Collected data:

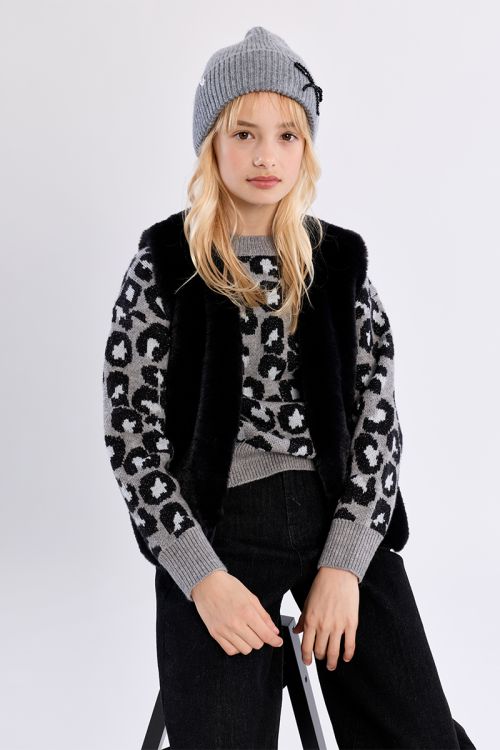 Sleeveless faux fur jacket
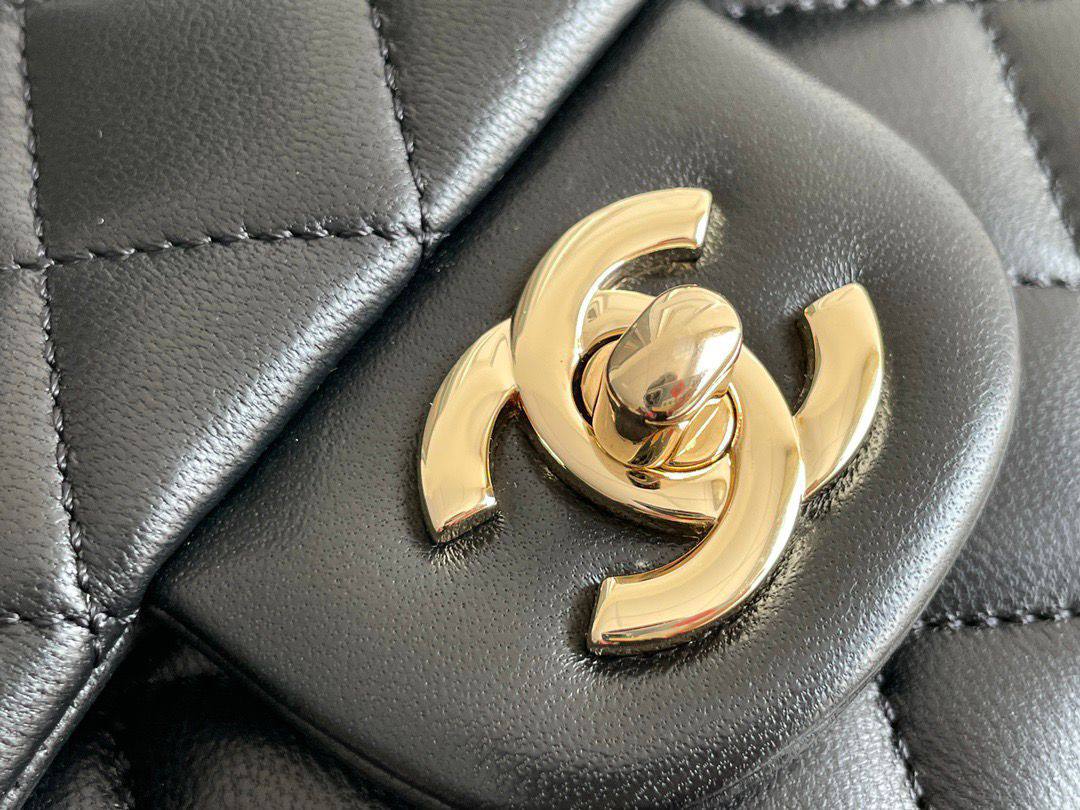 CHANEL 

NEW CAME GOOD QUALITY 

WITH BOX 
🎁🎁🎁

100 dhs💓

Zain39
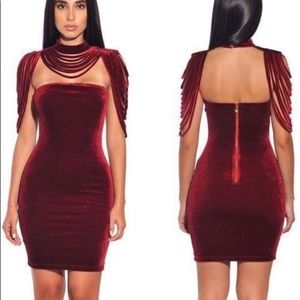 Miss Circle: Victoria collar velvet bodycon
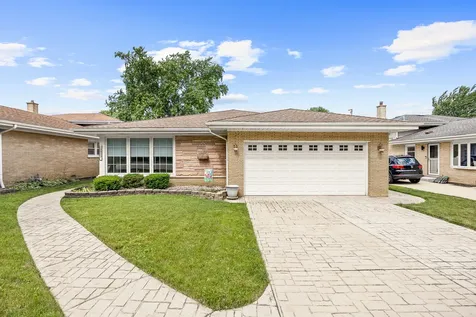 2922 Sunnyside Avenue Westchester IL 60154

* [BRIEF]:
The records shown above are to be repeated exactly, with the pictures left out.

* [ANSWER SECTION]:
 Sleeveless faux fur jacket
 CHANEL 

NEW CAME GOOD QUALITY 

WITH BOX 
🎁🎁🎁

100 dhs💓

Zain39
 Miss Circle: Victoria collar velvet bodycon
 2922 Sunnyside Avenue Westchester IL 60154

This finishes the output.